Unfailingly inaccurate O'Reilly claims to understand education

Wednesday, June 14, 2006 at 05:08 PM

Bill O'Reilly claims to understand public education--what's wrong, what we need, the whole ball of enlightened wax.  That wouldn't be surprising except that this is the same guy who:

--blamed the Malmedy massacre in WWII on the wrong side; twice
--cited a nonexistent economics journal to bolster his claims about French labor laws
--accused a dead man of having smeared him
--called the central Mexican state of Jalisco a city, and claimed that it was on the U.S. border
--cited the wrong man as the Secretary of Energy

Always ready with an absurdity, the amazing Mr. O recently penned{+} this piece of tripe for Jewish World Review on May 27, 2006:

{+}Assuming you believe for one minute that O'Reilly writes the zillions of columns that appear under his name, in addition to handling his radio and t.v. shows, and appearing as a guest on all those other objective television shows.

Having a gay time in school

Here's some sobering information: According to a National Election Study, 25 percent of Americans ages 18 to 24 could not identify Dick Cheney as vice president of the United States, and 63 percent of them could not find Iraq on a map of the Middle East.

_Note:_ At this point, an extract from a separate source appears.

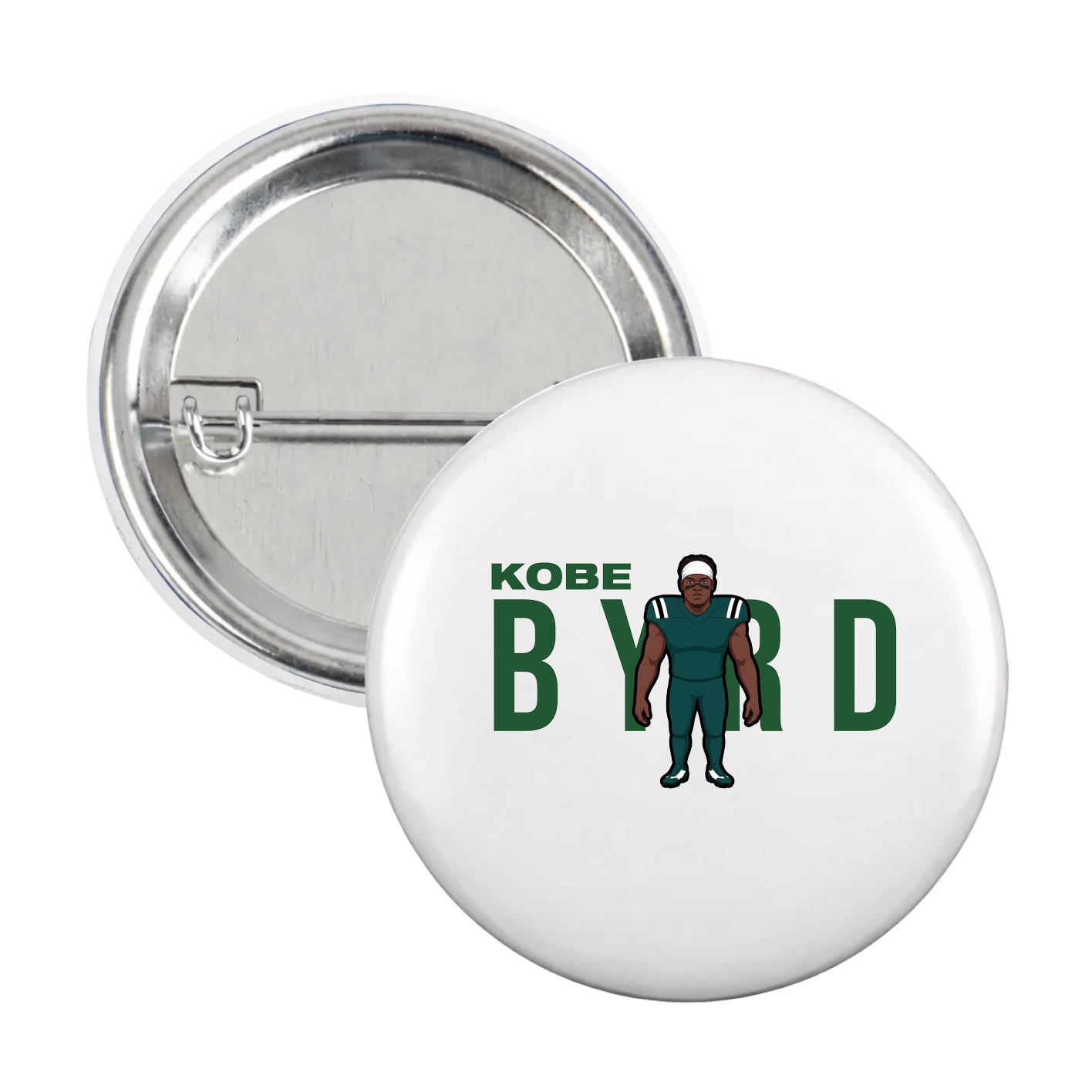 Game Day Button — Player Name in White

That might be because 80 percent of the younger set in America does not own a world map and therefore 90 percent of them could not find Afghanistan, either.

In the face of that depressing situation, the state of California is taking action. Earlier this month, the state Senate voted 22 to 15 to prohibit textbooks or instructional materials that "contain any matter that reflects adversely" on persons because of their ethnicity, gender, disability, nationality, sexual orientation or religion.

In addition, the proposed law would mandate textbooks include the study of "people who are lesbian, gay, bisexual or transgender (and who have contributed) to the economic, political and social development of California and the United States of America ..."

In other words, California kids might soon be studying Gay 101.

....
The educational madness in California is part of a secular strategy to de-emphasize academic discipline in the classroom and replace it with an imposed worldview of tolerance and diversity. No longer are facts the primary focus in many public school lesson plans. Now, it's not what you know, it's how tolerant you are.
....
The future of America's public schools may well involve deep-sixing academics and creating a student body nourished on the achievements of homosexuals and other minorities. Was Columbus gay? If not, some California kids might never know who discovered America.

The left continues to scream about the great economic divide between wealthy Americans and everybody else. Do you think this insane school situation is going to cure that? Many affluent parents will take one look at the California public school landscape and immediately put their kid into private school. There, he or she will be forced to learn the three R's instead of the three T's: Tolerance, Totalitarianism and Total Failure.
...

For a guy who doesn't know where Jalisco is, he's awfully tough on young people who can't find Iraq on a map.

For a guy who didn't know who the Secretary of Energy was--in the middle of a story on that very office--he's pretty hard on kids who don't know who Dick Cheney is (especially since they may simply have been trying to block Cheney out of their minds, in order to preserve a modicum of sanity).

And I assume that O'Reilly never really became good friends with logic.  Because you're trying to prevent texts that incorporate bias, you're emphasizing gayness at the expense of academics?

Here's a good test for O'Reilly: see if he can find the map.  Or a book.  Or at least a good fact-checker (he certainly earns enough money to afford it).  Or at the very, very, absolute least, maybe he can find a conscience somewhere, maybe just rent someone else's--that would be consistent with the right's incredible faith in outsourcing.

Bill Oreilly: drastically in need of Competence 101 and Honesty 101.